I've never had a problem, but always put some soiled newspaper on top (I use a kids swim pool w/ a "doorway" cut out). I think getting the pups using them sooner vs later helps on the munching though as another friend w/ Goldens has had a problem w/ her pups eating them. I move my litters from the house to my attached garage (where the potty pool is set up inside of an ex pen) at 3-4 wks, depending on the weather. My friend's pups were a couple weeks older before she changed from the shavings to pellets.


----------



## C. Johnson (Mar 21, 2004)

How often do you change the pellets/clean them out?


----------



## Certainty (Apr 17, 2008)

I am going to have to give these a try! We have a litter due mid May, and I too, like whelping them in the house.


----------



## Vicky Trainor (May 19, 2003)

I have not tried the pellets with any litter but use them all the time in my horse trailer. I'm not sure if we are talking about the same thing, but the pellets that I use with the horses become like saw dust when wetted down and allowed to expand.

I would be cautious and worried about the pups eating the pellets and becoming blocked or even having GI upset. I used to use pine shavings until I had a pup ingest them and caused GI upset.
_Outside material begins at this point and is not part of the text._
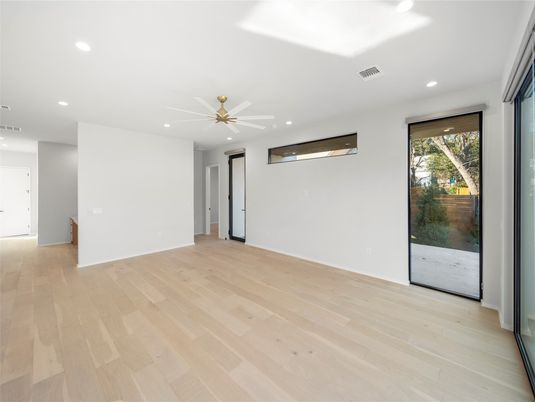Empty room, Interior, Recessed Lighting, Wood Texture Flooring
I went back to using newspaper that I put through a cross-cut paper shredder.


----------



## DMA (Jan 9, 2008)

C. Johnson said:


> How often do you change the pellets/clean them out?


Poop Scoop a couple times a day and depending on the litter size replace pellets every 4-6 days. 1 1/2 bags works good in the pool.

I am not the breeder but she does let me throw birds and clean turds. Here is a photo of her set up.

*http://www.rattlingridgelabs.com/MCpupswk5.html*

These are the horse bedding pellets.


----------



## windycanyon (Dec 21, 2007)

DMA said:


> Poop Scoop a couple times a day


DMA, I can hear Joan now-- "where were you??"  With my litter of 11, I can guarantee you I was scooping SEVERAL times a day (and night!), and counted my blessings that they figured the potty pool out fast! I do think the key is to get them out in the expen/pool set up at ~3-3.5 wks if at all possible. 

Way less smell w/ the pellets too, btw-- and just cleaner all around. I always hated shavings since they find their way into the laundry, etc.


----------



## Last Frontier Labs (Jan 3, 2003)

Well, of my 4, 2 have already figured it out after 2 days. Do not use wee wee pads underneath... they will try to shred them. I put a towel over the pellets. Every time they peed the floor, I wiped it up with the towel and put the towel back in the pee box on top of the pellets.

I am pleased with the results so far and they are not eating the pellets.


----------



## windycanyon (Dec 21, 2007)

Last Frontier Labs said:


> Well, of my 4, 2 have already figured it out after 2 days.
> Do not use wee wee pads underneath...they will try to shred them.
> I put a towel over the pellets. Everytime they peed the floor, I wiped it up with the towel and put the towel back in the pee box on top of the pellets.
> I am pleased with the results so far and they are not eating the pellets.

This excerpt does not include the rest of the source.